Entre a fome e o cárcere: os campos de concentração do Ceará
Antes do regime nazista, o Brasil já possuía uma rede de instalações para confinar e impedir que retirantes da seca chegassem a Fortaleza
No imaginário popular, o termo “campo de concentração” costuma evocar as infames unidades de confinamento do regime nazista, onde milhões de pessoas pereceram entre meados da década de 1930 e o fim da Segunda Guerra Mundial.
Mas, antes mesmo de Hitler ascender ao poder na Alemanha, o Brasil já possuía seus próprios campos de concentração — e eles também serviam de cenário para uma série de atrocidades. Entre 1915 e 1932, o governo brasileiro montou uma rede de instalações para confinar os retirantes da seca no estado do Ceará.
Apelidados de “currais da seca”, os campos de concentração serviam para impedir que os flagelados continuassem se dirigindo até a cidade de Fortaleza, tentando escapar da morte certa nos sertões. A criação dos campos era uma exigência da elite, incomodada com a presença de retirantes maltrapilhos e famintos pelas ruas da cidade.
Ao menos 90 mil pessoas foram forçadas ao confinamento nos campos, cercados por muros e telas de arame farpado e vigiados por soldados armados. Submetidas a condições extremamente insalubres e ao trabalho escravo, dezenas de milhares de pessoas morreram, vitimadas pela fome, por doenças ou pela repressão brutal.
As secas no Nordeste
Os primeiros registros documentais de seca no Nordeste datam já do início da colonização portuguesa.
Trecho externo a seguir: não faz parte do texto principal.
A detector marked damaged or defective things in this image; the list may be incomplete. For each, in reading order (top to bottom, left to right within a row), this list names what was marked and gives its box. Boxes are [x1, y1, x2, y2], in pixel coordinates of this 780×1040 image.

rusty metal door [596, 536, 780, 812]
As secas são um fenômeno natural característico da região, marcada pelo clima semiárido, com altas temperaturas, baixa precipitação pluviométrica e escassez de rios perenes.
Não obstante, o modelo econômico agroexportador, baseado em grandes latifúndios e na exploração da mão de obra escrava, foi o fator determinante para que as secas se convertessem em vetores de graves crises famélicas, afetando sobretudo a população mais pobre.
A concentração de terras e de recursos econômicos e hídricos e a negligência do poder público resultaram na morte de milhões de pessoas ao longo dos séculos.
Apesar das condições adversas, a coroa portuguesa estimulou desde cedo o povoamento da área conhecida como “Polígono das Secas”, que viria a se converter na região semiárida mais habitada do planeta.
Ao longo do período colonial e do Brasil Império, as estiagens causaram enormes prejuízos. A seca de 1844-1845 foi tão intensa que motivou o intendente Marcos Antônio de Macedo a idealizar os primeiros projetos de transposição do Rio São Francisco.

Arquivo Nacional/EBC Serviços
A crise de 1877
Em 1877, entretanto, o Nordeste enfrentaria a seca mais grave registrada no país até então. A falta de chuva se prolongou por dois anos, causando a destruição das lavouras e a morte dos rebanhos.
O Nordeste enfrentou uma situação de fome generalizada, à qual se somou uma epidemia de varíola, causando a morte de até 500 mil pessoas — isso é, 5% da população do Brasil. O Ceará foi a província mais afetada, registrando quase 120 mil mortes (ou 15% de sua população).
Fugindo da fome, mais de 100 mil retirantes deixaram o Sertão do Ceará e rumaram para a capital, Fortaleza, gerando um dos maiores deslocamentos de refugiados da história do país. O influxo foi de tal ordem que a população da capital cearense triplicou em questão de meses. Para abrigar os flagelados, o governo montou uma série de acampamentos improvisados, ditos “abarracamentos”.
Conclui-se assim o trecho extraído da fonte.